Le sous-espace vectoriel engendré par la famille F, noté vect(F), est l'ensemble des combinaisons linéaires (=C.L) des vecteurs u1,…,up. Autrement dit : vect(F)={λ1u1+…+λpup tel que (λ1,…,λp)∈Kp}.
Remarque : si p=1, alors vect(F)=vect(u1)={λ.u1∣λ∈K} ; c'est une droite vectorielle.
Théorème : un sous-espace vectoriel engendré est un sous-espace vectoriel.
b) Méthode pour écrire un sous-espace vectoriel défini par des équations sous la forme d'un sous-espace vectoriel engendré :
Par exemple : soit F={(x,y,z)∈R3∣x+y+z=0}.

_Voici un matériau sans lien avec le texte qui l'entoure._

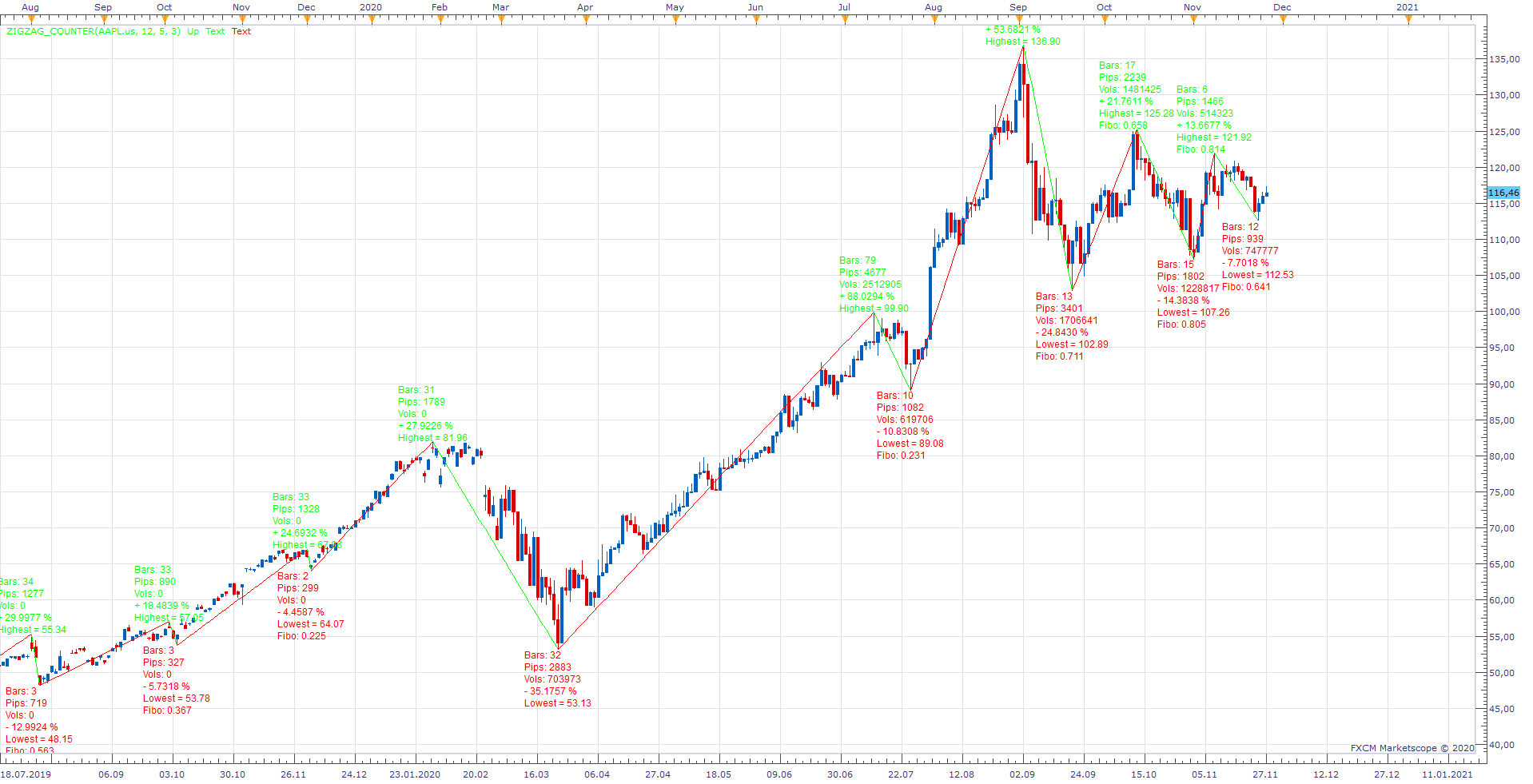 AAPL.us D1 (11-29-2020 0959).png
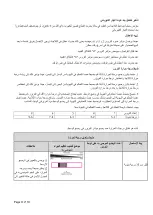 Preview for 19 page of Candy CDG5T717CS KSA Instruction Manual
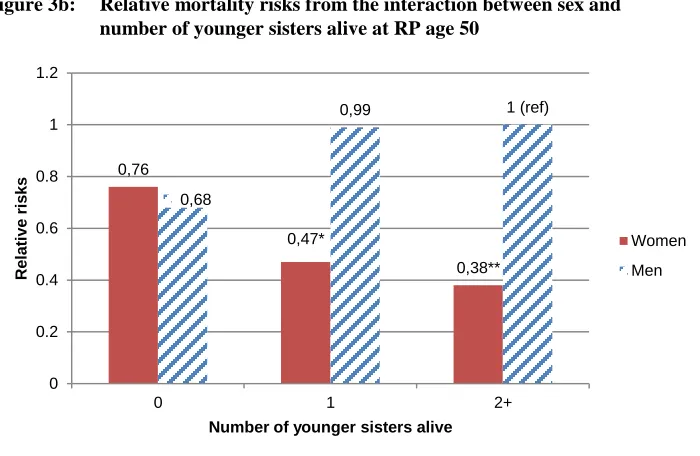 Figure 3b: Relative mortality risks from the interaction between sex and number of younger sisters alive at RP age 50 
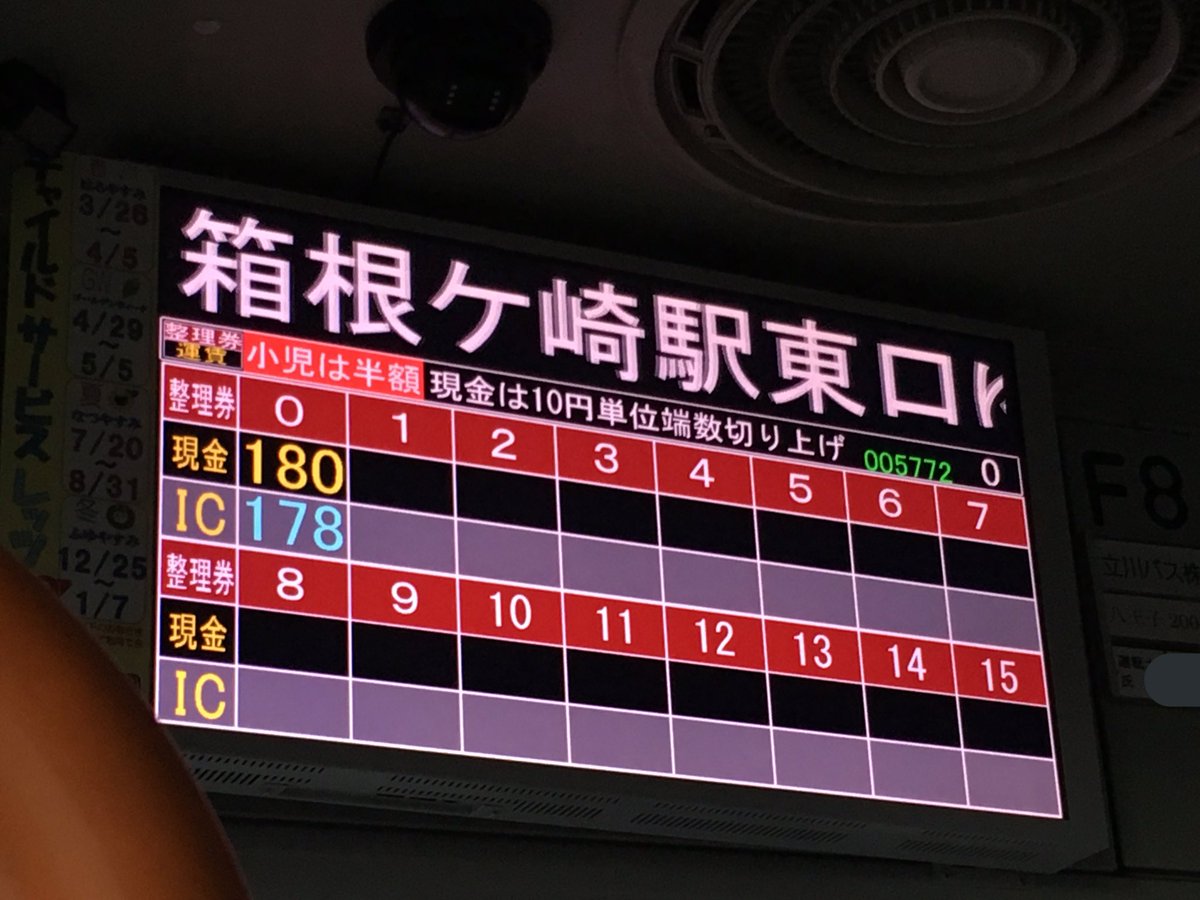 えすけい On Twitter 会社 西武バス 系統 入市54 行先 入間市駅 経由 三井アウトレットパーク前 車両 A8 489 所沢 200 か 2258 系統運行区間 箱根ヶ崎駅 入間市駅 乗車区間 箱根ヶ崎駅 入間市駅 備考 Sk Oer 江ノ島高崎バス旅 Https T Co Otyateaipk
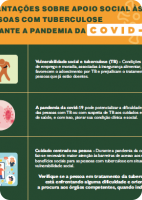 Orientações sobre apoio social às pessoas com Tuberculose durante a epidemia da COVID-19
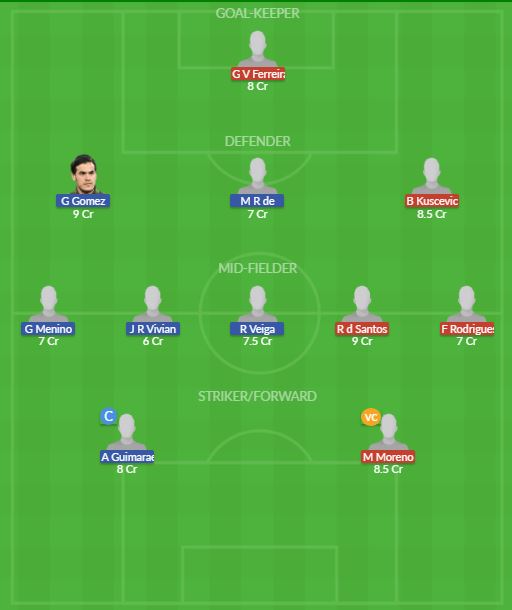 Dream11 SL Team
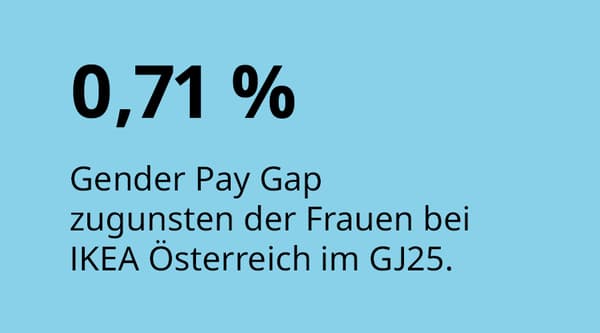 Eine Grafik mit blauem Hintergrund und einer schwarzen Schrift mit dem Text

On écrit un vecteur de F avec le MINIMUM de paramètres possibles. On a besoin de 3 paramètres : x, y et z pour décrire un vecteur de R3 mais si ce vecteur appartient à F, on sait que (par exemple) z=−x−y donc(x,y,z)=(x,y,−x−y) puis on décompose :
(x,y,z)=(x,y,−x−y) =(x,0,−x)+(0,y,−y) =x(1,0,−1)+y(0,1,−1) ce qui montre que tous les vecteurs de F sont des C.L des vecteurs a=(1,0,−1) et b=(0,1,−1).
Autrement dit, on a montré que F=vect(a,b).
Cela montre que F est un sous-espace vectoriel engendré donc un sev ! (cf. théorème précédent) donc un ev !
En effet, par théorème, un sev est un ev !
c) Comment montrer qu'une partie d'un ev est un sous-espace vectoriel ?
Soit F une partie d'un ev E. On se demande si F est un sev ou pas.
- Premier test à faire. Si le vecteur nul 0E n'appartient pas à F alors F n'est pas un sev.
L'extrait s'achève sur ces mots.